***** DATASET EXCERPT

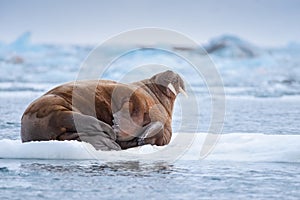 Landscape nature walrus on an ice floe of Spitsbergen Longyearbyen Svalbard arctic winter sunshine day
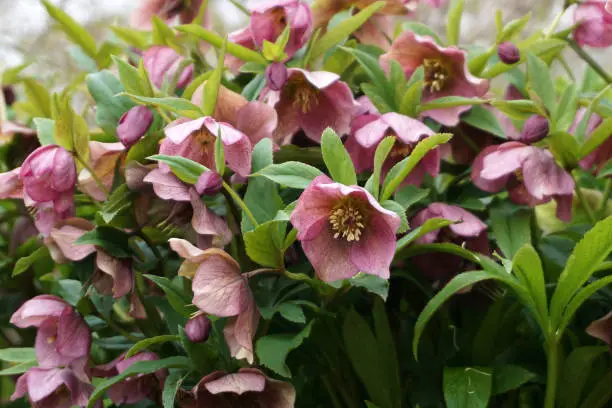 Hybrid Lenten Rose (Helleborus orientalis) in bloom in spring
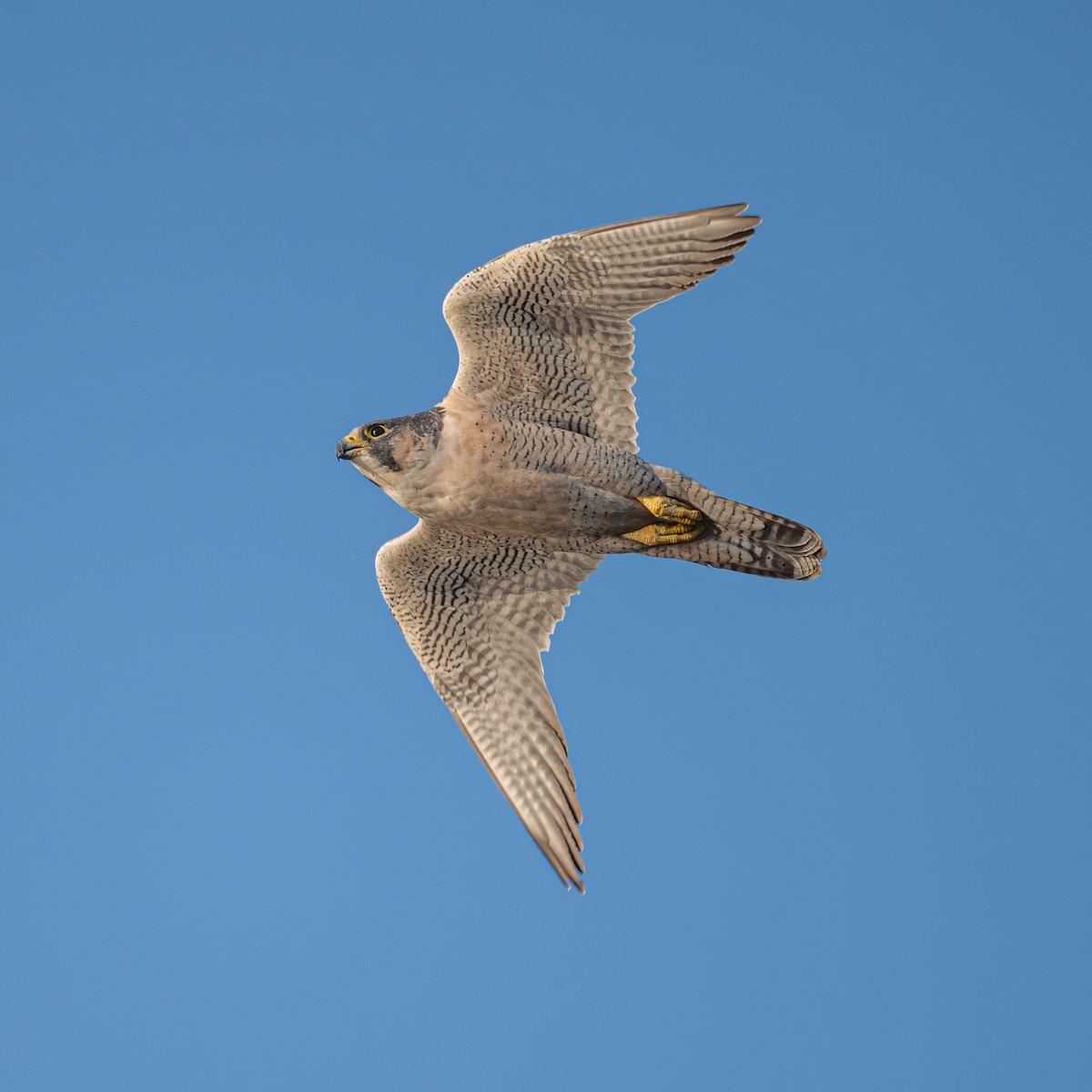 sokol stěhovavý - ML646221400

**********

* ABOUT THIS EXERCISE: Word for word, restate the lines from the one containing "Hybrid Lenten Rose" through the end of the listing, and nothing more. Skip the pictures.

* WRITTEN RESPONSE:
 Hybrid Lenten Rose (Helleborus orientalis) in bloom in spring
 sokol stěhovavý - ML646221400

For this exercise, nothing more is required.